◆ **TASK DIRECTIONS**
Look in the data below for the line that has "写メ日記 るな 10/17(土) 16:48", then print exactly every line from there through the line that has "Green Bay Packers 12", leaving pictures out.

◆ **MATERIAL FOR THIS EXERCISE**
=== Begin Enclosure ===

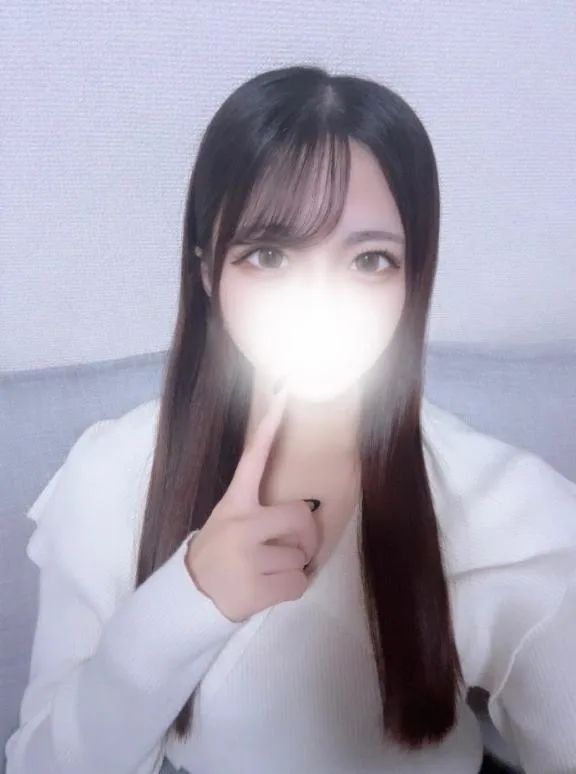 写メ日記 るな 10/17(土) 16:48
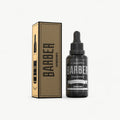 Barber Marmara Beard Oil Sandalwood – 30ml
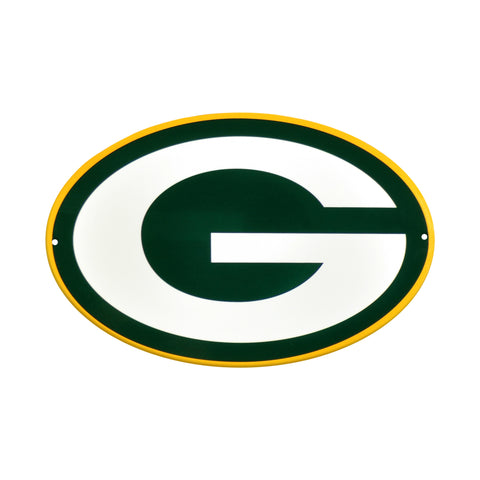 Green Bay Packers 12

=== End Enclosure ===
=== Begin Enclosure ===

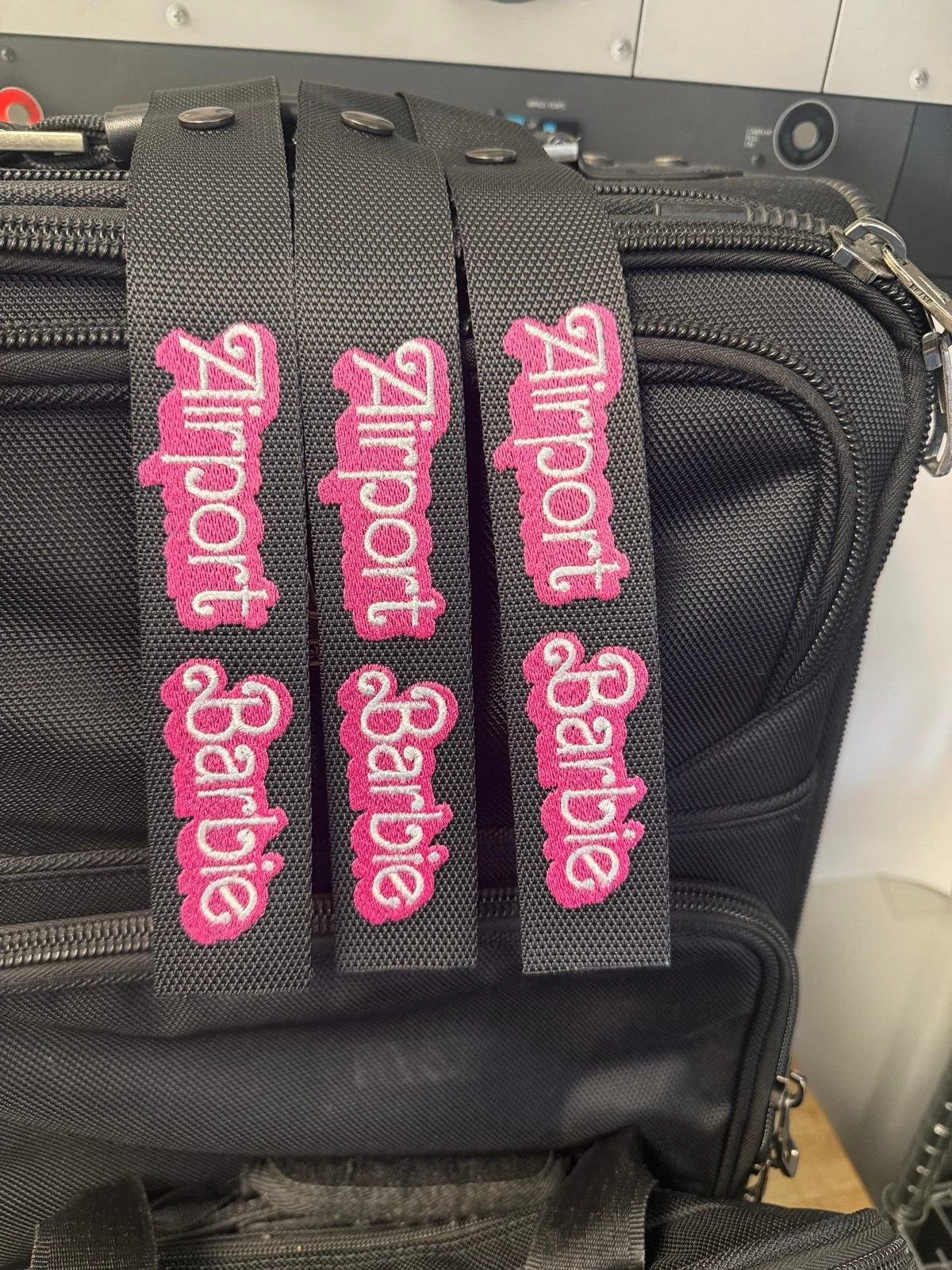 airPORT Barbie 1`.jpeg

=== End Enclosure ===

◆ **RESULT**
 写メ日記 るな 10/17(土) 16:48
 Barber Marmara Beard Oil Sandalwood – 30ml
 Green Bay Packers 12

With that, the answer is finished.